Selon le médecin directeur de l’hôpital général de Mongbwalu, le docteur Richard Lokundi, sept malades suspects d’Ebola se sont évadés dans la nuit de dimanche à lundi après l’irruption de jeunes venus réclamer le corps d’un pasteur décédé de la maladie.
« Je crains qu’avec cette évasion, le grand nombre de cas suspects qui s’est déversé à nouveau dans la communauté, ce soit une bombe pour la population de Mongbwalu », a déclaré le docteur Richard Lokundi.
Le responsable sanitaire a indiqué que les premiers résultats des analyses commencent déjà à confirmer des cas positifs parmi les personnes en fuite. « Déjà, les premiers résultats commencent à révéler que, parmi ceux qui ont fui, il y a aussi des cas positifs », a-t-il précisé.
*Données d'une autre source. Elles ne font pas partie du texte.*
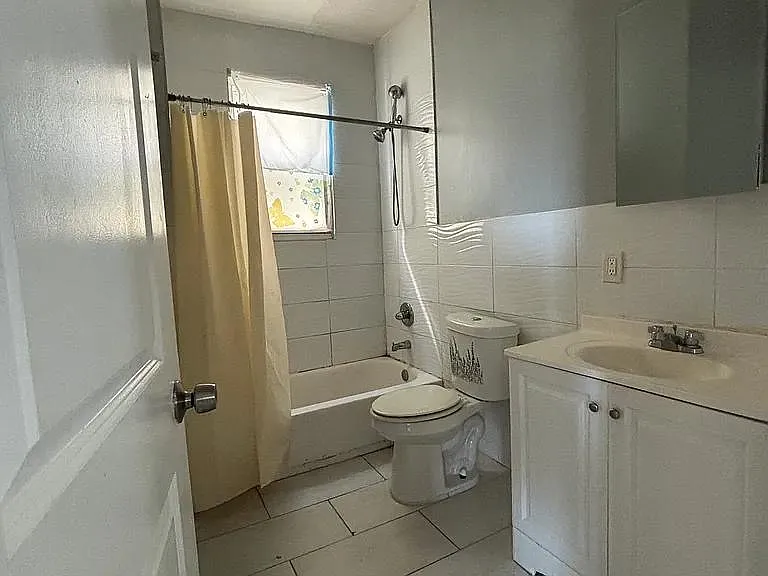 253 22nd St #B — Photo 8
Très inquiet, le médecin directeur de l’hôpital a alerté sur les risques élevés de transmission communautaire du virus. « Imaginez-vous le degré de contamination désormais ! Avec les gens qui ont manipulé ces malades, ce seront des chaînes de contamination qu’on ne saura pas contrôler », a-t-il averti.
Cette nouvelle évasion constitue, selon les équipes de riposte, le troisième incident du genre depuis le début de l’épidémie dans la province de l’Ituri.
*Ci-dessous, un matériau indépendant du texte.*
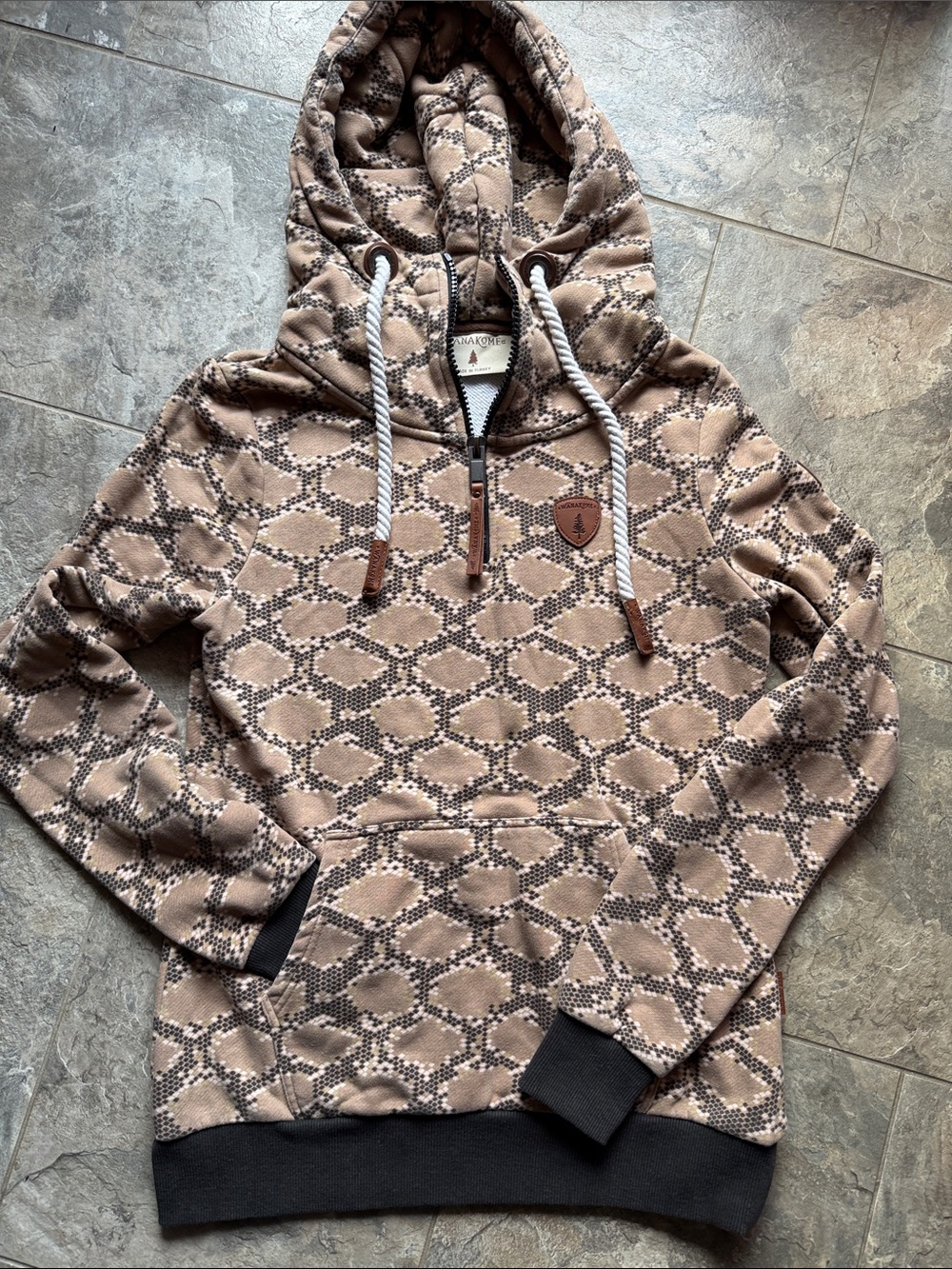Wanakome 1/4 Zip Snake Print Hoodie
Size Medium - Hard To Find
Les équipes sanitaires espèrent toutefois que ces patients ont quitté le centre de traitement principalement par peur liée à l’insécurité et non dans l’intention d’échapper au suivi médical.
La situation sécuritaire était particulièrement tendue dimanche soir à Mongbwalu où un groupe de jeunes a attaqué l’hôpital afin de récupérer le corps d’une personne décédée d’Ebola pour l’organisation des funérailles.
Cette attaque a provoqué une vive tension dans la cité minière et nécessité l’intervention des éléments des Forces armées de la République démocratique du Congo (FARDC) et de la Police nationale congolaise (PNC) pour rétablir l’ordre.
Vendredi déjà, une autre attaque avait visé à Mongbwalu une tente médicale hébergeant 18 cas suspects d’Ebola. Depuis cet incident, ces personnes restent introuvables, selon les autorités sanitaires locales.
Face à cette situation, le docteur Richard Lokundi a lancé un appel pressant à la population afin de soutenir les équipes de riposte et de faire confiance au personnel médical.
« Nous ne pouvons pas fabriquer des données, fabriquer une maladie. Donc, si la population ne croit pas qu’Ebola existe, qu’Ebola tue à Mongbwalu, et qu’ils continuent à faire ce qu’ils sont en train de faire là, nous risquons de tous mourir », a-t-il déclaré.
Le dernier bilan provisoire de cette 17ᵉ épidémie d’Ebola en République démocratique du Congo fait état de 220 morts parmi 904 cas suspects enregistrés.